Wait, are... are you saying you've changed your mind?

You do want to get married?

That is definitely one option.

I love that option.

But here's the thing, the world tries to put people in a box.

It tries to say you're either married or you're not married, and you know what I say? Screw that noise.

I say, let's fly to Florida together, tell Nana we're getting married and just let our hearts decide what's next.

Maybe we do get married.

Maybe we go to dinner once a month while we date other people.

Maybe we only date other people.

I don't know.

So, if you're with me, let's go to Florida.

Caryn.

Are you coming to Florida?

I am examining moles.
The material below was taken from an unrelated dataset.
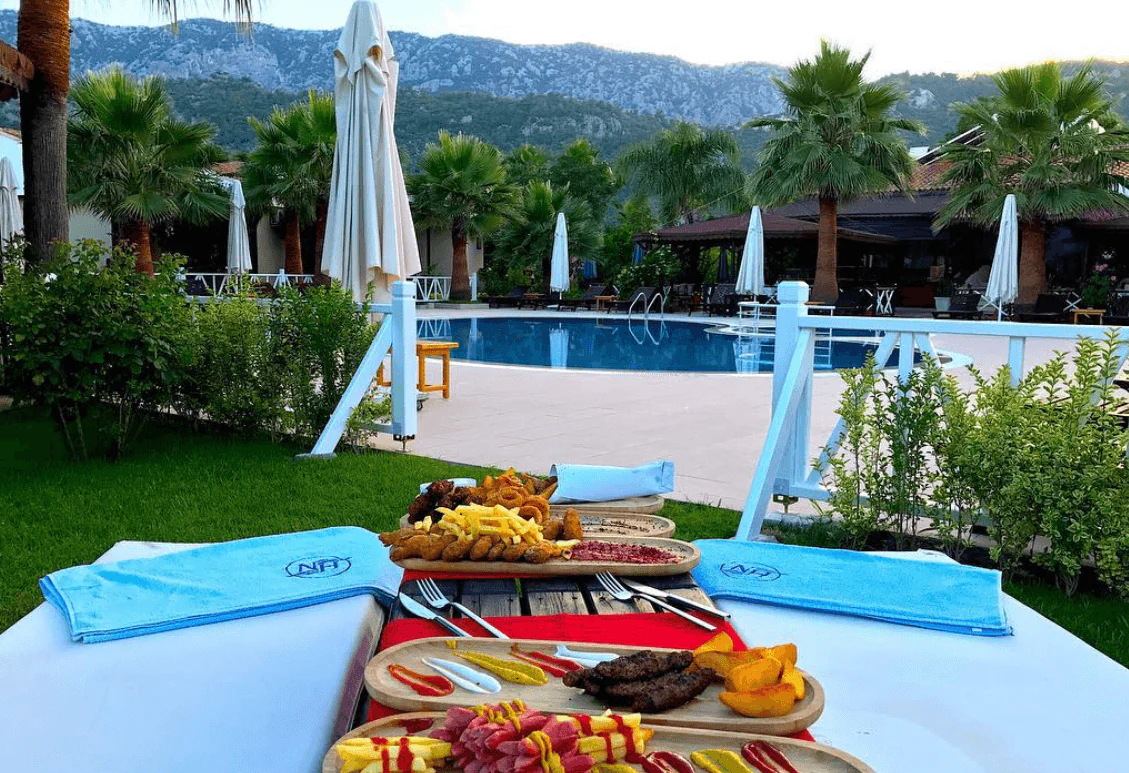 Food platters on a red runner between two sunbeds with folded light blue towels bearing the NH mark, a pool and palms behind.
Please leave.

Leave.

Okay, okay.

Hey, neighbor.

What you doing?

Ah, just k*lling time till my shift starts.

In an hour, it'll be 13 hours to go.

How'd you spend your days before?

You know, I'd just hang out with my dad.

He... he used to call me his, uh, glupie kozy.

Aw, what does that mean?

Stupid goat.

And here come the waterworks.

Oh, Eric.

(groans)

Aw.

What would put a smile on your face, huh?

A balloon?

A zebra with a hat?

That's really not my thing.

I'm sorry.

Honestly, I just wish I could talk to my pop.

You know, just one last time.

But... that'll never happen.

(chanting): Spirit of Eric's father, please honor us with your presence.

This is dumb.

And I'm not supposed to have pillows on the floor.
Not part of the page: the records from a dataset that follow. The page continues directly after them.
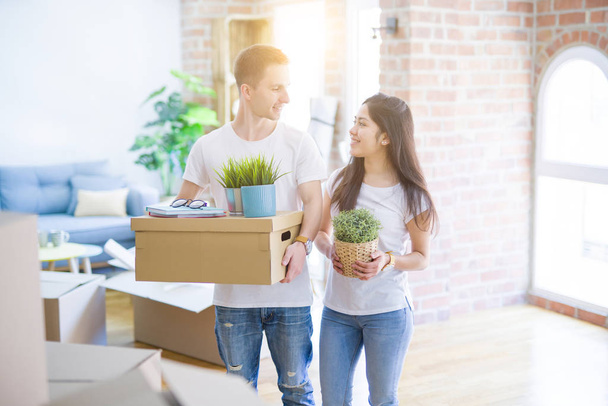 Young beautiful couple  at new home around cardboard boxes - Foto, Imagem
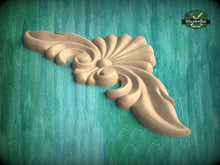 Load image into Gallery viewer, A wooden carving of a stylized leaf or flower design is displayed against a teal background.
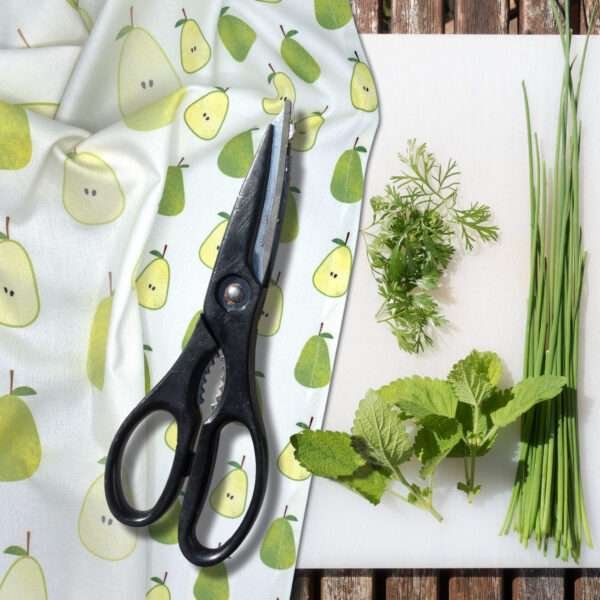 Faded pear design tea towel on chopping board with herbs from hem and tassel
Spirit of Eric's father, please honor us with your presence.

Eric, he's here.

You may speak to him now, and he'll respond through me.

Oh, yeah, okay.

I'm gonna talk to my dead father.

Right.

Um... good morning, Pop.

He says...

"Good morning, Eric."

Whoa!

He used to say that!

Okay.

Um, okay.

(whimpers)

Pop, Pop, I can't believe it's really you.

Yeah, just believe it.

So, what is it you wanted to say to me, son?

Oh, crap.

My mind is totally blanking right now.

It's just, it's like calling in to WFAN, and they're like, "Uh, "uh, you're on the air with your dead father. What's your question?"

And it's like, I can't... I can't... I am sweating so bad.

Oh, thank God for the Mennen.

♪ By Mennen. ♪

Meter's running, son.

What is the one thing you wanted to say to me?

I got it.

Pop, what shade of white did you want to paint the laundry room?

(sighs) How much longer?

As I said, he's in a meeting, and it will probably be a while.
Stosh: Hey, Tony!

Hi, Stosh, hey.

Listen, I'm right in the middle of something. I got to hit the head.

I'll walk with you. How you been?

Oh, oh.

Okay, okay.

Oh, my.

So here's the deal.

I am leaving Sunny Smile.

And word hasn't hit the street yet, but since you and I are tight, I thought I'd come to you first.

So, what do you say?

You want to snap up the competitor's top sales rep nine years running?

When do I start?

Everyone knows you got fired, Stosh.

The word's out on you, man.

(chuckles) At your age, still making a sport of sleeping with other guys' wives and girlfriends?

(chuckles) I mean, come on, man.

Well, Tony, take it easy.

I don't know what you're talking about.

No? What about last month when you drilled Valdivia's wife dressed as a member of Blue Man Group?

What... about it? What about it?

No one's gonna hire you, pal.

It's over.

(clicks tongue) Finito.

Well, apparently what happens in Vegas does not stay in Vegas.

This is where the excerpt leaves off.